Pour référence, YouTube utilise un algorithme depuis quelques années nommé « content ID », son but est de s’assurer du respect des droits d’auteurs lorsque les vidéos sont monétisées. Ce programme est la cible d’un fort mécontentement par les créateurs sur la plateforme. Il agit de manière brusque, sans reconnaître les nuances du droit à la citation et à la parodie. Ainsi nombre de youtubeurs se retrouvent privés de leurs revenus pour des utilisations légitimes. La technologie qui permettrait une analyse assez fine pour distinguer les contenus en fonction de critères juridiques déjà flous pour des humains est tout simplement irréelle.

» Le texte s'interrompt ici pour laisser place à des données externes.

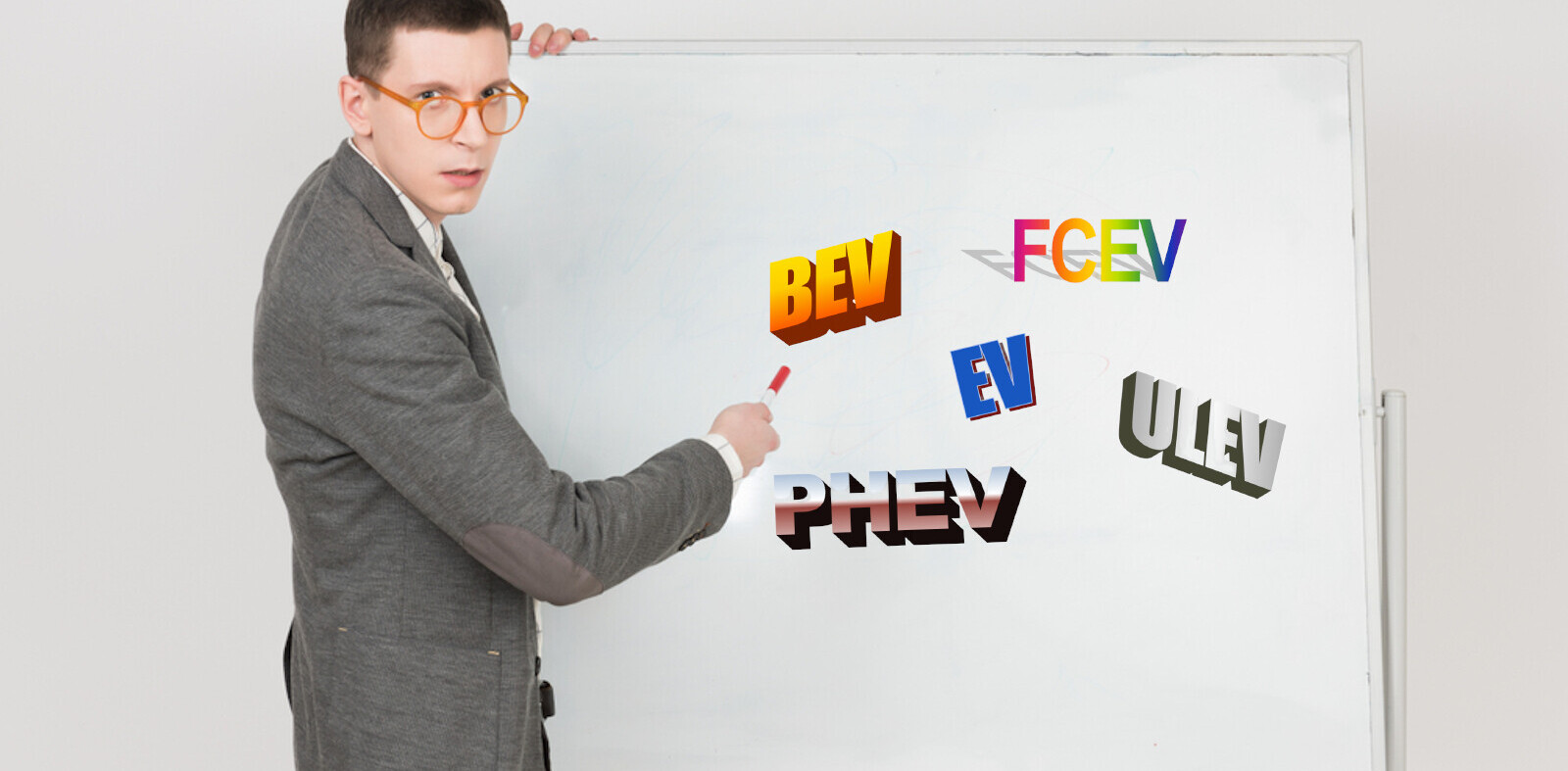 Electric vehicle acronym guide: Know your BEVs from FCEVs from PHEVs from ULEVs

Obliger les géants du web à se conformer à cette réglementation aura un important effet négatif sur le contenu disponible. Pour éviter un nombre important de procès, les hébergeurs pourraient interdire toute publication potentiellement à problème, légale ou illégale. Cette décision impactera fortement toutes les personnes faisant d’Internet leur moyen de subsistance. Cela signifiera aussi la fin des parodies et l’extrême précaution pour toute référence et citation à un contenu sous copyright.

Un second problème se pose aussi pour les starts up et les PME du numérique qui ne disposent pas des capacités financières et matérielles des grands groupes pour s’assurer du respect de la loi. Ce texte pourrait donc être un frein important à l’innovation en Europe.

Le fonctionnement actuel de YouTube est un indicateur intéressant sur ce que pourrait être l’Internet européen sous la directive copyright. La technologie de contrôle n’est a priori simplement pas assez mature et se révèle être un handicap à la création et à l’entreprise.
 
L’UE aboutit à un texte limitant les libertés individuelles en limitant les valeurs qui ont fait Internet depuis sa création. L’UE en agissant ainsi, avec un texte contraignant pourrait affaiblir durablement son industrie du numérique, un secteur où elle possède déjà un retard conséquent en regard du reste du monde.